[MPlayer-dev-eng] [PATCH] Use _NET_WM_NAME for UTF-8 title in X11 if supported

Fri Jun 23 20:01:04 CEST 2006

On Fri, Jun 23, 2006 at 07:24:29PM +0200, Matthias Hopf wrote:
> On Jun 23, 06 11:58:53 -0400, Rich Felker wrote:
> > > I don't think locale stuff can be done lightweight, too much stuff to be
> > > considered especially for arabian (right-to-left) and eastern (large
> > > charsets, combined characters, multiwidth characters) languages.
> > 
> > None of this requires significant special support by ordinary
> > applications. If you don't believe it can be done lightweight then try
> > out my 640k DOS UTF-8 terminal emulator with support for all scripts
> > once it's released. (Yes the 640k includes all glyphs. :)
> 
> Including all >68000 glyphs?

Many (most of the latin and greek characters) are precombined.
Performing canonical decomposition reduces the number of glyphs, but
of course doesn't help CJK.

> That makes less than 10 bytes per glyph,
> which would be impressive for a 14 point font ;)
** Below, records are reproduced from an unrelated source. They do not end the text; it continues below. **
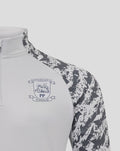 Close up of men's grey training midlayer featuring a white front panel with club crest and camo patterned sleeves.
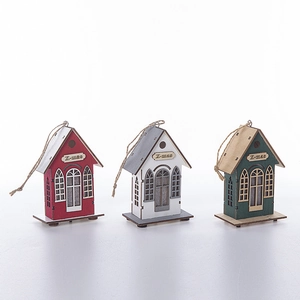 Three wooden Christmas house ornaments with laser-cut X-mas engraving and hanging ropes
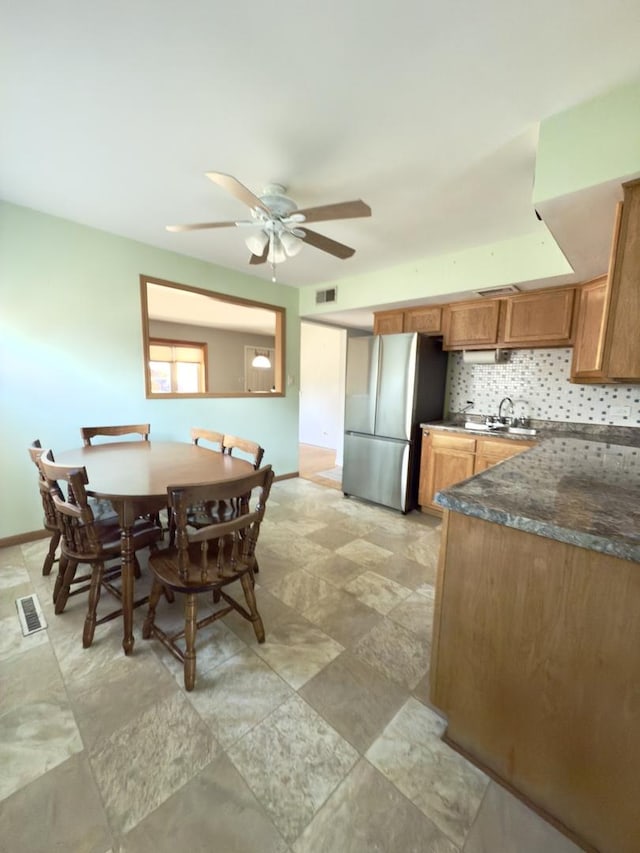 dining area featuring ceiling fan and sink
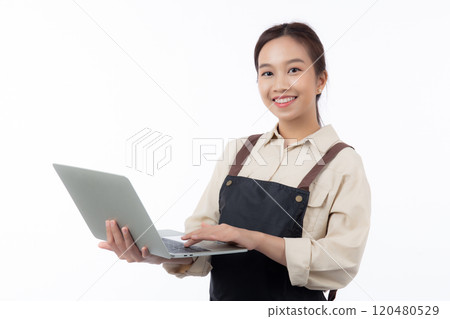 Portrait young asian business woman wearing apron holding laptop computer isolated. Portrait young asian business woman wearing apron holding laptop computer isolated. 120480529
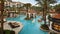 Luxurious hotel pool setting with elegant amenities in sunlit serenity, inviting relaxation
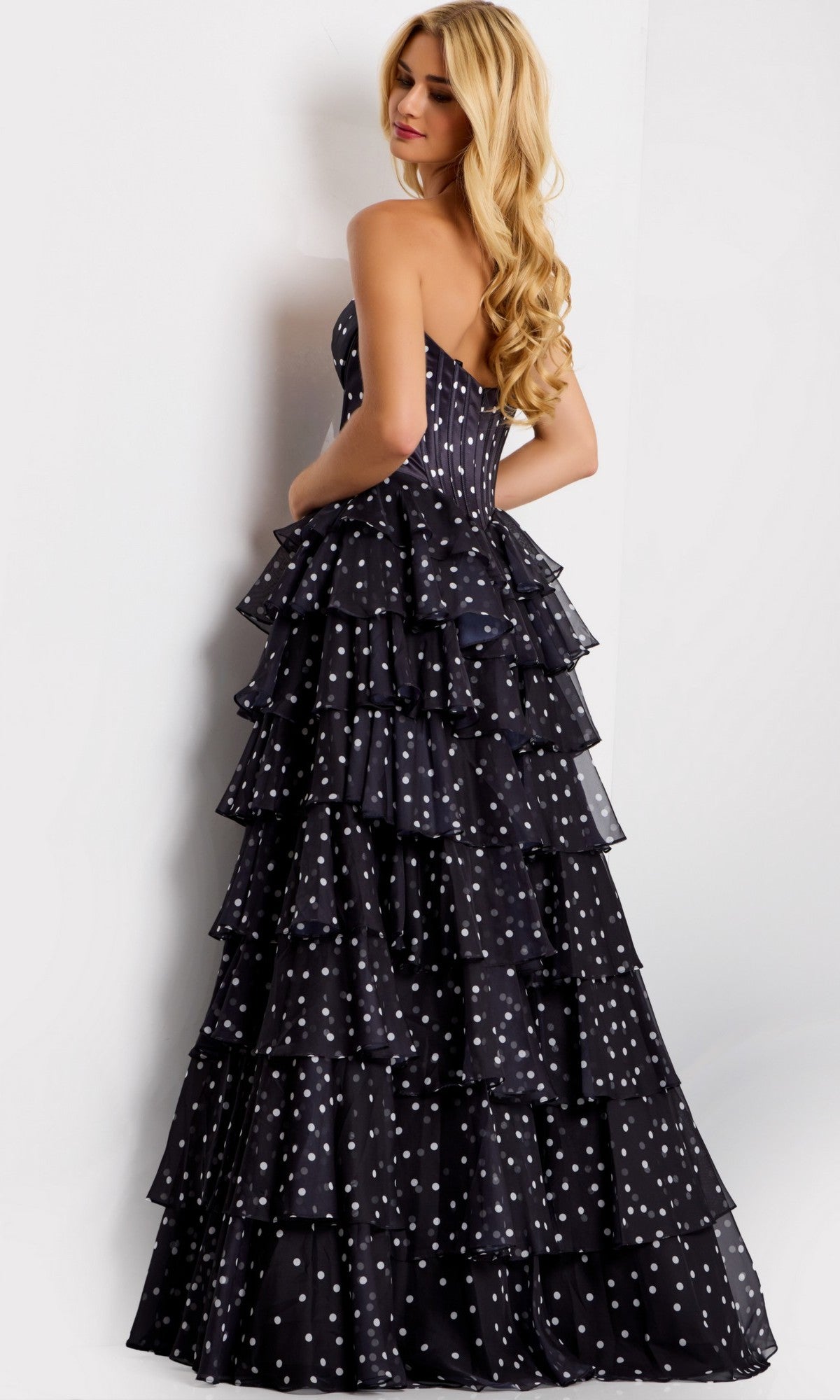 A woman wearing the Long Prom Dress: Jovani 49087—a strapless, floor-length black gown with white polka dots and tiered ruffles—stands against a plain white background.
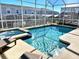Relaxing screened-in pool with spa, lounge chairs, and views of surrounding houses at 1077 Leader St, Davenport, FL 33896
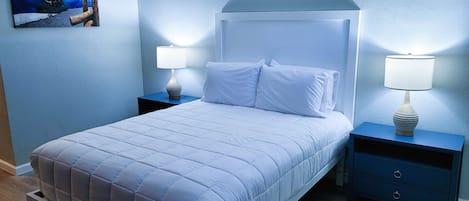 A neatly made bed with white bedding, two bedside tables with lamps, and a painting on the wall.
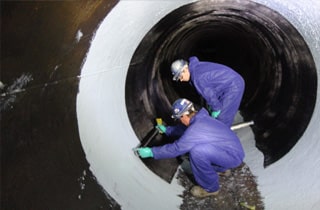 The interior of a pipeline being protected by two field services technicians installing HydraWrap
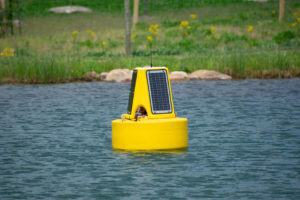 The NexSens XB-200 data buoy deployed on the Fondriest Field Station lake.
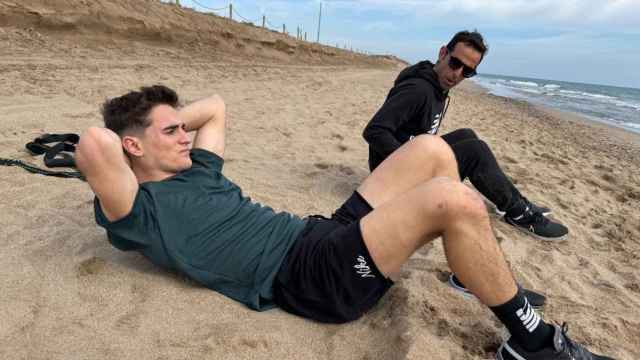 Gavi hace abdominales en la playa junto a un fisioterapeuta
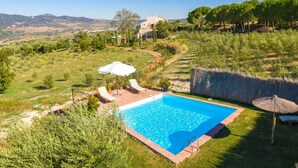 Une piscine entourée de chaises longues et de parasols, elle-même bordée d’un jardin aménagé et offrant une vue sur des collines lointaines.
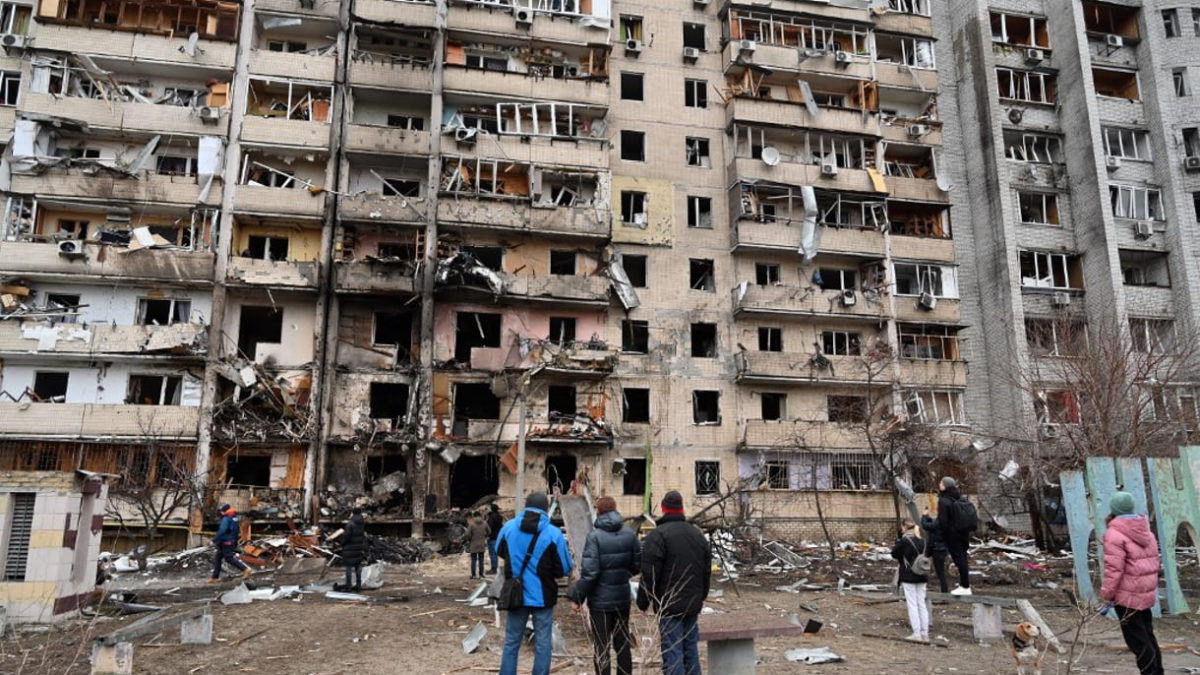Un grupo de personas observa un edificio residencial dañado en la calle Koshytsa, en las afueras de la capital ucraniana, Kiev, donde supuestamente cayó un proyectil militar, el 25 de febrero de 2022. (GENYA SAVILOV / AFP)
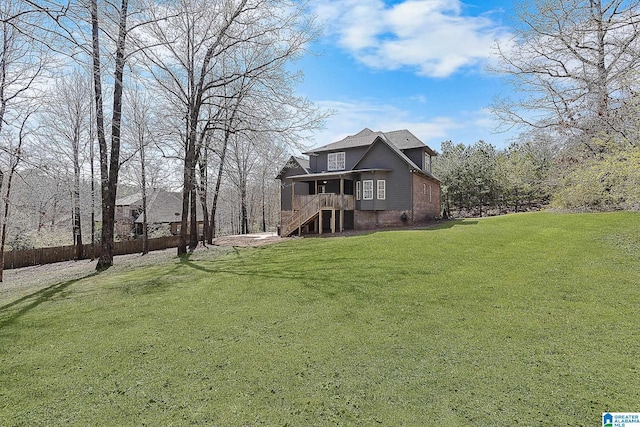exterior space with a lawn, stairs, and fence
7:5 compression ratio is not that impressive.

> BTW - where did you get all that glyphs from? We are constantly
> struggling geting all glyphs in a decent quality font...

I don't have them all, but unifont (iirc that's the name) has a lot in
8x16 format, and I've created some myself.

If you want to see it all, have a little patience since almost nothing
is done yet. The main work I've done is the theoretical estimates
(based on similar-complexity code I've already written) which have the
program easily fitting in 640k.

> > > - not being able to easily(!) switch between POSIX/C style and locale
> > 
> > Even if you could do this it's still broken, because all it can do is
> > make _localized_ applications, not _internationalized_ applications.
> > We do not live in a world of isolation anymore. Just because I'm in
> > country X does not mean I don't want to be able to process data from
> > country Y.
> 
> That's why I need something like this. To store data in a format that
> can be easily read in another locale. Is this missunderstandable?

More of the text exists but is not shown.